Interview mit Konfliktforscher "Man müsste der Türkei Ultimaten stellen"
03.03.2017, 14:44 Uhr
"Der türkische Präsident Erdogan hat in den vergangenen Jahren vielfältig antidemokratisch agiert, so dass in Berlin die Alarmglocken hätten schrillen müssen", sagt Johannes M. Becker.
(Foto: REUTERS)
Der Konfliktforscher Johannes M. Becker ist der Ansicht, dass die Wahlkampfauftritte türkischer Politiker in Deutschland nicht genehmigt werden dürften. Er sagt im Interview mit n-tv.de, in Berlin hätten schon vor Jahren die Alarmglocken schrillen müssen.
n-tv.de: Die Verhaftung des Journalisten Deniz Yücel, jetzt der Streit um die Wahlkampfauftritte türkischer Politiker in Deutschland: Wie schwerwiegend ist der Konflikt zwischen der türkischen und der deutschen Regierung auf einer Skala von eins bis zehn?
Johannes M. Becker: Solche Skalen sind immer schwierig. Den Israel-Palästina-Konflikt würde ich bei einer Acht einordnen. Manchmal, wenn die Palästinenser Raketen abschießen oder die Israelis in Gaza einmarschieren, liegt er auch bei einer Zehn. Zwischen der Türkei und der Bundesrepublik haben wir es mit einem diplomatischen Konflikt zu tun. Ich würde ihn mit vier oder fünf bewerten. Er ist deshalb so interessant und besonders, weil es sich um einen Konflikt innerhalb einer Bündnisstruktur handelt. Beide Länder sind zusammen in der Nato, in der OSZE und im Europarat, sie haben eigentlich einen Haufen Gemeinsamkeiten.
Wie beurteilen Sie die Wahlkampfauftritte von türkischen Politikern in Deutschland?
Ich bin der Ansicht, dass solche Auftritte nicht genehmigt werden dürfen. Stellen Sie sich vor, deutsche Politiker würden nach Mallorca fliegen und dort Wahlkampf machen, weil dort Tausende deutsche Rentner leben. Das würde die spanische Regierung auch nicht gut finden - ganz unabhängig vom Inhalt der Wahlkampfreden. Das Referendum in der Türkei soll ja legitimieren, einen außerordentlich autoritären Staat aufzubauen. Vor diesem Hintergrund finde ich das Agieren einiger deutscher Kommunen sehr vernünftig, die solche Veranstaltungen gestoppt haben; auch einige Bundestagsparteien haben sich ja eindeutig geäußert.

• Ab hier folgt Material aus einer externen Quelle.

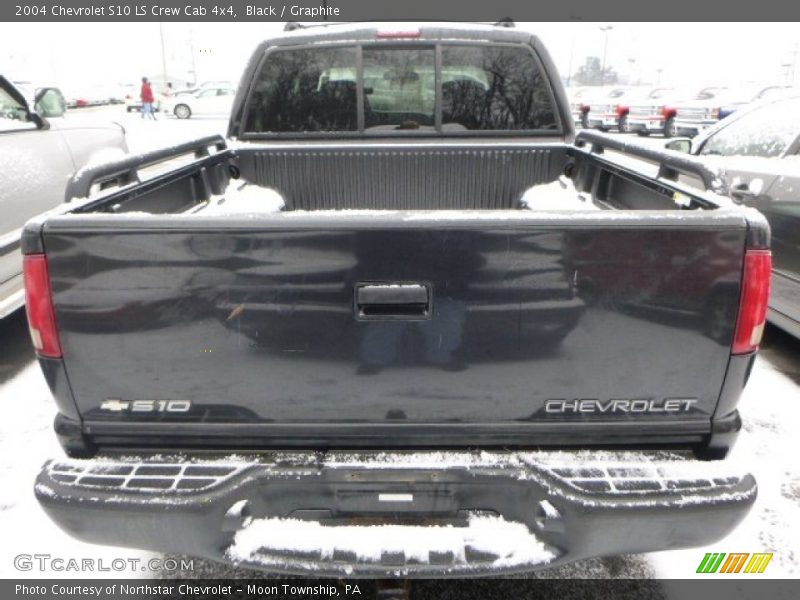 Black / Graphite 2004 Chevrolet S10 LS Crew Cab 4x4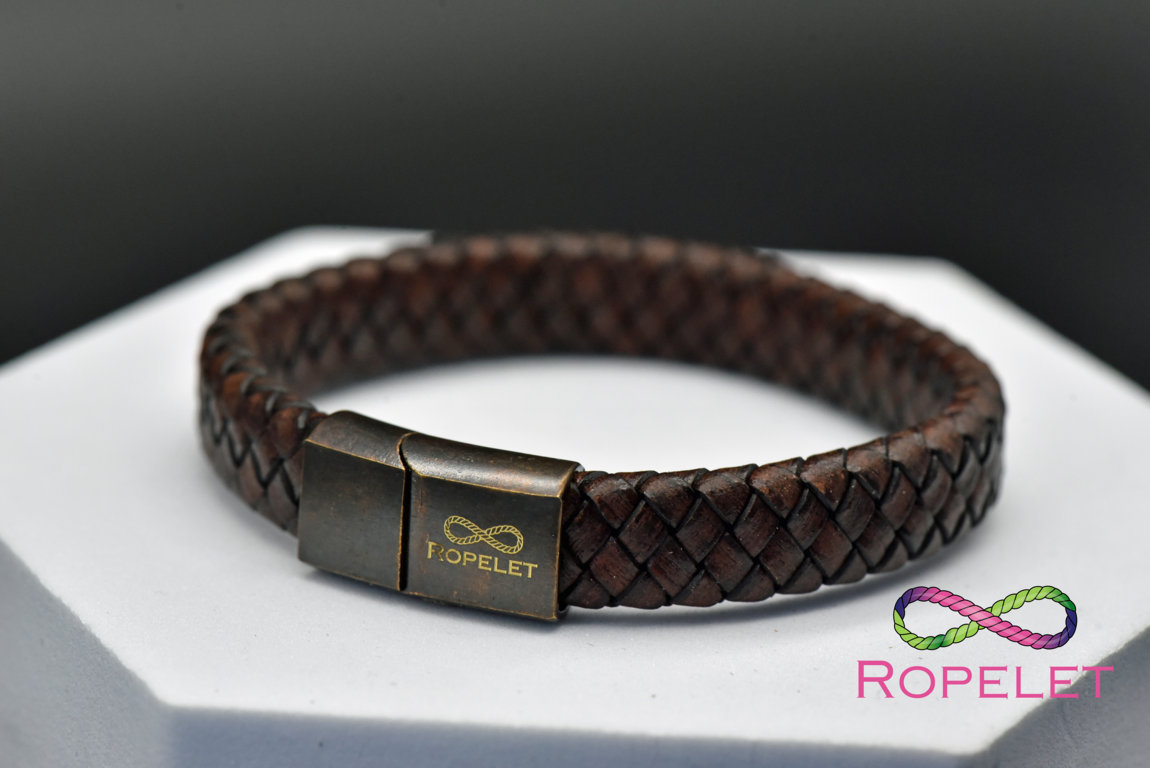 Ropelet's tweet image. This stuning vintage brown 12mm wide leather bracelet has an array of stainless steel clasp choices plus any wrist size when you order from ropelet.co.uk . We think you will love the prices too! #ropelet #bracelet #leatherbracelet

Sie sind Konfliktforscher. Wenn Sie in diesem Streit Schlichter wären: Was würden Sie machen, damit sich beide Seiten in dieser schwierigen Situation wieder näher kommen?
Helmut Schmidt hat kurz vor seinem Tod einen sehr wichtigen Satz gesagt: Lieber 100 Mal erfolglos verhandeln als einmal schießen. Es steht nicht zur Debatte, dass die Waffen sprechen zwischen der Türkei und der Bundesrepublik. Aber was Schmidt damit sagen wollte ist: verhandeln, verhandeln, verhandeln! Keine Verhandlungs- und Redestränge erschlaffen lassen, auf allen möglichen Ebenen. Öffentlichkeit herstellen: Was wirft die Regierung der Türkei dem Journalisten vor, was den geschassten Hochschullehrern, was den geschassten Richtern, Staatsanwälten - dieses Problem wird doch von der Regierung in Berlin völlig ausgeklammert! Einen Einwand habe ich darüberhinausgehend: Die Bundesregierung hätte früher eingreifen können und müssen. Der türkische Präsident Erdogan hat in den vergangenen Jahren vielfältig antidemokratisch agiert, so dass in Berlin die Alarmglocken hätten schrillen müssen.
Und zwar?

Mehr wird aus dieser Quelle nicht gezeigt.